Ich hörte nur unsere Auftrttsmusik und ging in große Zelt. Leo ging gerade durch den Ausgang. "Wo warst du? Komm wir müssen proben." Daniel sprang über die Absperrung zur Manege und zog mich zum den Ringen. Ich guckte nicht wo ich hin lief, da ich nur zum Ausgang und Leo hinterher guckte. Dadurch stolperte ich über die Stühle. Zum Glück fing Daniel mich auf. "Was ist denn heute mit dir los? Erst bist du nicht pünktlich bei der Probe, dann läuft dieses Mädchen hier einfach durch und du kannst nicht mal mehr laufen." Hilfsbereit wollte er mich stützen, aber ich rannte los zum Ausgang, ihr hinter her. Ich hörte nur noch ein leises "Kleiner Bruder!" Und dann war ich draußen. Leo stand schon an ihrem Fahrrad und versuchte das Zahlenschloss zu knacken. Grinsend ging ich zu ihr hin. "Deswegen wollte ich es dir holen." Ich stellte mich vor sie. Sie hockte am Boden und guckte nicht einen Augenblick mal hoch. "Könntest du mir helfen?" Er aggressiver Ton kam von ihr. "Geh mal bei Seite." Ich hockte mich neben ihr Fahrrad und machte das Schloss auf.

1, 2, 3, 4

"Ganz einfach. Siehst du?" Wir standen wieder auf. Immer noch guckte sie mich nicht an. "Setzt witzig." Versuchte sie zu sagen ohne zu lachen. Mir fiel aber ein kleines Lachen auf. "Du lachst doch." Sagte ich auch lachend und zeigte auf ihren Mund.
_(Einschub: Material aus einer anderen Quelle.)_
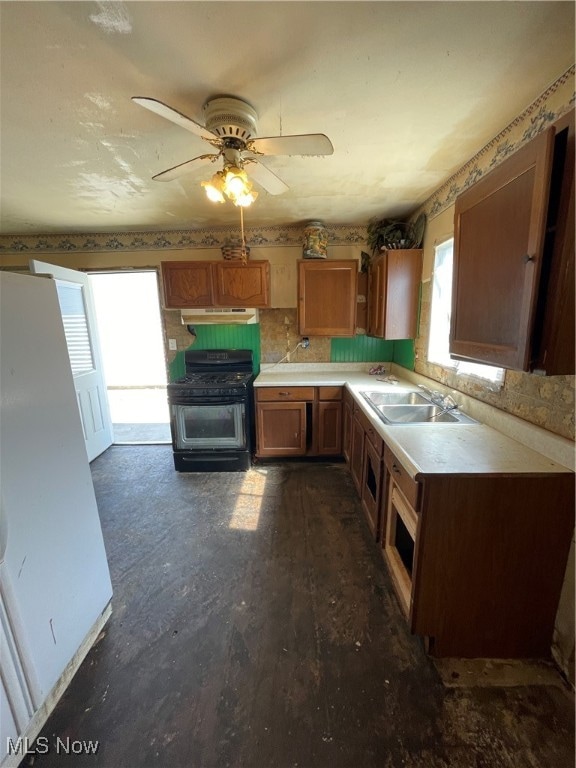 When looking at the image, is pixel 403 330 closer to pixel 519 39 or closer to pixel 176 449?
pixel 519 39

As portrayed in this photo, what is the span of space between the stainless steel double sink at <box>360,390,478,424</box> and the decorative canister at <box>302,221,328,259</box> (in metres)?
1.51

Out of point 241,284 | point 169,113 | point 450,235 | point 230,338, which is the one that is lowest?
point 230,338

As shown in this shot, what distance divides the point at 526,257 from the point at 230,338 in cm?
283

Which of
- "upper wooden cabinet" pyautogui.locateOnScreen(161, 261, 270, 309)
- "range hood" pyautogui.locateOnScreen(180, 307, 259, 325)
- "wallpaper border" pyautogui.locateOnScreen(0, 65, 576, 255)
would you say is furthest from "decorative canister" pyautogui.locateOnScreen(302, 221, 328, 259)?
"range hood" pyautogui.locateOnScreen(180, 307, 259, 325)

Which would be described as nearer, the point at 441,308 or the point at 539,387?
the point at 539,387

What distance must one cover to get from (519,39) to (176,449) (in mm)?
3295

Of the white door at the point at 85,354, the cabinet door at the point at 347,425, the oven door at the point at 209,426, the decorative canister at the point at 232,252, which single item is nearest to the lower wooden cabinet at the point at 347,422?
the cabinet door at the point at 347,425

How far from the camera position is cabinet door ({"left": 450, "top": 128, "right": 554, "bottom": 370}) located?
0.97 meters

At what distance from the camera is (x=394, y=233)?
8.95 ft

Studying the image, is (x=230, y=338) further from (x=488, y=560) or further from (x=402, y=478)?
(x=488, y=560)

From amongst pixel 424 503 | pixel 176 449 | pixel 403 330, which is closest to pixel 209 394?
pixel 176 449

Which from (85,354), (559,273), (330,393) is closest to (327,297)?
(330,393)

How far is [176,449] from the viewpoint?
115 inches

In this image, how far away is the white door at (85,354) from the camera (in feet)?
9.46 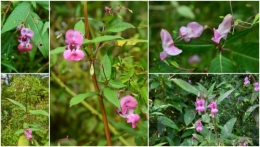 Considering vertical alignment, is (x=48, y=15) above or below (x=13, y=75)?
above

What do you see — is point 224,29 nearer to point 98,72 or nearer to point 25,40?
point 98,72

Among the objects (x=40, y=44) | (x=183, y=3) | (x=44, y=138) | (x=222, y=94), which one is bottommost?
(x=44, y=138)

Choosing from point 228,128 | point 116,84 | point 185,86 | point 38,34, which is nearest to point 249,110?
point 228,128

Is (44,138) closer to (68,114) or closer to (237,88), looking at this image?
(68,114)

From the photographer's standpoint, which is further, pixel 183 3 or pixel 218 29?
pixel 183 3

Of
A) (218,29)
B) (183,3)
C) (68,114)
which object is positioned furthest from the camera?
(68,114)

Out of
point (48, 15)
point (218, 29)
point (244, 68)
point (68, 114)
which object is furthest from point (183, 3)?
point (68, 114)

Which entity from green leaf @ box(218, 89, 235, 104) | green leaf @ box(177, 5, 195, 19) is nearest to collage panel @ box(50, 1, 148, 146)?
green leaf @ box(177, 5, 195, 19)

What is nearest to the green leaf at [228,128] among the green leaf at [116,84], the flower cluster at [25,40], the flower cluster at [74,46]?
the green leaf at [116,84] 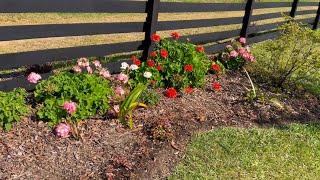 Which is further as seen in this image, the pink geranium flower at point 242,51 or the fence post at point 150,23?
the pink geranium flower at point 242,51

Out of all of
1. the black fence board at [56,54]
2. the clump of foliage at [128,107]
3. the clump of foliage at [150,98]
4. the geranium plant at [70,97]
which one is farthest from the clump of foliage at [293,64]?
the geranium plant at [70,97]

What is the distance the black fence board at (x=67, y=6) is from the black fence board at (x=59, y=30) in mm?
194

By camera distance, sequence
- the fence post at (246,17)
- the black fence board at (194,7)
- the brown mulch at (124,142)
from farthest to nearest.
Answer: the fence post at (246,17)
the black fence board at (194,7)
the brown mulch at (124,142)

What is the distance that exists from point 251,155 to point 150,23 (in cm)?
265

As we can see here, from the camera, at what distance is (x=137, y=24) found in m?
6.68

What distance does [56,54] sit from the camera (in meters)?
5.72

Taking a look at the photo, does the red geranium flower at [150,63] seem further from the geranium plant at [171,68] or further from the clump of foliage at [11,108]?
the clump of foliage at [11,108]

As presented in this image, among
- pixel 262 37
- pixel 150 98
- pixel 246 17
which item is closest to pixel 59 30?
pixel 150 98

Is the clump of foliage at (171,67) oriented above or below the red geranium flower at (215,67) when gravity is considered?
above

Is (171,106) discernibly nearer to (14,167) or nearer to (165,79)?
(165,79)

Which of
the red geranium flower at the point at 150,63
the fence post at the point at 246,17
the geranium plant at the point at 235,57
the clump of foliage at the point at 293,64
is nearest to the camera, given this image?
the red geranium flower at the point at 150,63

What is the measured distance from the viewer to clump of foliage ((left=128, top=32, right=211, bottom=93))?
625cm

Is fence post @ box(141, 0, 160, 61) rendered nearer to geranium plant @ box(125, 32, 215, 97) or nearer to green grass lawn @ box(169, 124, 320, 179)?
geranium plant @ box(125, 32, 215, 97)

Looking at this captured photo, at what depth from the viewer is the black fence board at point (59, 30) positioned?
5.07 m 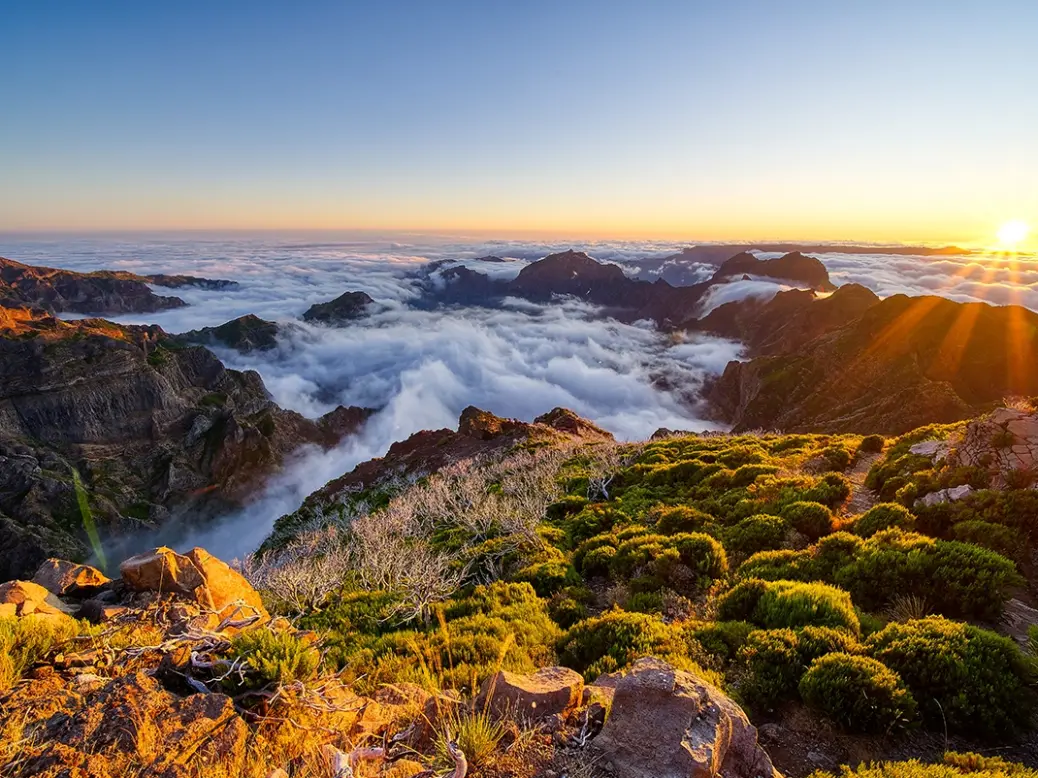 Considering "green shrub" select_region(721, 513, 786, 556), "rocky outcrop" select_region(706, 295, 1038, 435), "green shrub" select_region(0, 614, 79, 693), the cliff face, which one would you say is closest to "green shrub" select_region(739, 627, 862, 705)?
"green shrub" select_region(721, 513, 786, 556)

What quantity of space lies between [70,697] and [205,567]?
5.03 metres

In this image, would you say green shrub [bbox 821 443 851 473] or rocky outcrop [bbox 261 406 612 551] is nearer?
green shrub [bbox 821 443 851 473]

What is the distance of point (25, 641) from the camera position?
5.56 meters

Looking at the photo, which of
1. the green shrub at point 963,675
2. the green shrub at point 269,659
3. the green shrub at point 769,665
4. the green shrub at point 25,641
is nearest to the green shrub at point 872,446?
the green shrub at point 963,675

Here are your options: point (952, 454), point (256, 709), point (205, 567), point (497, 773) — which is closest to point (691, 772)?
point (497, 773)

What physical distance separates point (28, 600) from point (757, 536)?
49.9 ft

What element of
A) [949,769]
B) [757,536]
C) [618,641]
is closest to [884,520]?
[757,536]

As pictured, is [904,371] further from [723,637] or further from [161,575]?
[161,575]

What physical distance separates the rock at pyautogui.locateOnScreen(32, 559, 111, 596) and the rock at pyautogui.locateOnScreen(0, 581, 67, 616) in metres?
0.46

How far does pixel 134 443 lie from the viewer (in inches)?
5551

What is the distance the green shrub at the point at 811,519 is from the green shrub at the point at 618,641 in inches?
258

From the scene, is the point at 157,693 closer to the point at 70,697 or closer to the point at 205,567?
the point at 70,697

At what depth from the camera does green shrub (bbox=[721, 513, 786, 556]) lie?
13.1 meters

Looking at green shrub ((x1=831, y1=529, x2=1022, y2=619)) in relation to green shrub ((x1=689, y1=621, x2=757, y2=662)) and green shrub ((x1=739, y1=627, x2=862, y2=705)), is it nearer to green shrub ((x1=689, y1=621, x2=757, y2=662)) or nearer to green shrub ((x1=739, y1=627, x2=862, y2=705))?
green shrub ((x1=739, y1=627, x2=862, y2=705)) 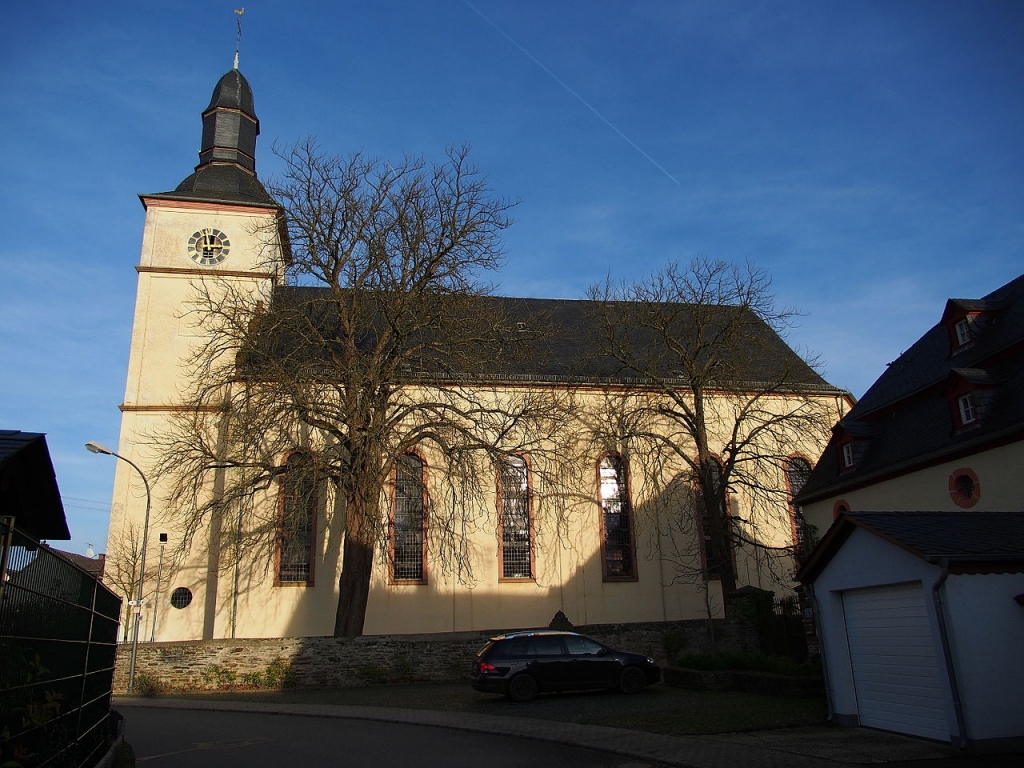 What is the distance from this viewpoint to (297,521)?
19.3 m

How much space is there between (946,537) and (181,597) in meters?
20.5

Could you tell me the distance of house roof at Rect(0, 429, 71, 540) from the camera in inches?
307

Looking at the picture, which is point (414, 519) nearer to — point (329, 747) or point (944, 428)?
point (329, 747)

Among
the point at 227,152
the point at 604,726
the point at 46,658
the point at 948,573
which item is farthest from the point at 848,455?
the point at 227,152

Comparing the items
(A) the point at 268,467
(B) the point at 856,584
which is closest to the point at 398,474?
(A) the point at 268,467

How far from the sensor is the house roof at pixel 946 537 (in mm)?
9914

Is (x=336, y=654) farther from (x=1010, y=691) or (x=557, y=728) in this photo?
(x=1010, y=691)

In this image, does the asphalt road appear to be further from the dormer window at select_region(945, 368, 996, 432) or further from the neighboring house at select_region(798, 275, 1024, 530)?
the dormer window at select_region(945, 368, 996, 432)

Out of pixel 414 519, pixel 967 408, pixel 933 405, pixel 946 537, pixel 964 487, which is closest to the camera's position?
pixel 946 537

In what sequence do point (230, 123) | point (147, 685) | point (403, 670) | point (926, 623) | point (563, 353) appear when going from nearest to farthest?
point (926, 623), point (147, 685), point (403, 670), point (230, 123), point (563, 353)

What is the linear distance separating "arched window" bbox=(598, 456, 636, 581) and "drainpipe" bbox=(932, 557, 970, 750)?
15.2 m

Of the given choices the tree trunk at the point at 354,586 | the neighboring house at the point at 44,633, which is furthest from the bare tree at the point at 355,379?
the neighboring house at the point at 44,633

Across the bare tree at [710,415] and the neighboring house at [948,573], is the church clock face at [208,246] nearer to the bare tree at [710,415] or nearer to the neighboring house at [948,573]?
the bare tree at [710,415]

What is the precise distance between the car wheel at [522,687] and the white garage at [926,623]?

Ich guckte in ihre wunderschönen, großen, grünen Augen. Sie passten so zu ihrem braunen Haar.
Wir standen uns sehr nah gegenüber.

*Leonies Sicht*

Er sah mir in die Augen. Ich sah es aus meinem Augenwinkel. Sanft fühlte ich wie eine Hand meine Haare aus dem Gesicht strichen. Jetzt guckte auch ich ihm in die Augen. Er kam mir langsam näher. Fast ließ ich mich darauf ein, aber dann kamen mir Maries Worte wieder in den Kopf.
"Das ist wohl das beste. Er hat dich nicht verdient." Ich blickte wieder auf den Boden und ging zu meinem Fahrrad. Erik räusperte sich. Als ob nichts wäre klappte ich den Fahrrafständer hoch und schob es an ihm vorbei. "Ist alles gut?" Rief einer seiner Brüder zu ihm. "Ja ja. Ich komme." Diese Worte taten weg. Sie waren wie ein Stich in mein Herz. Er rannte zu seinem Bruder ohne mich noch einmal anzugucken.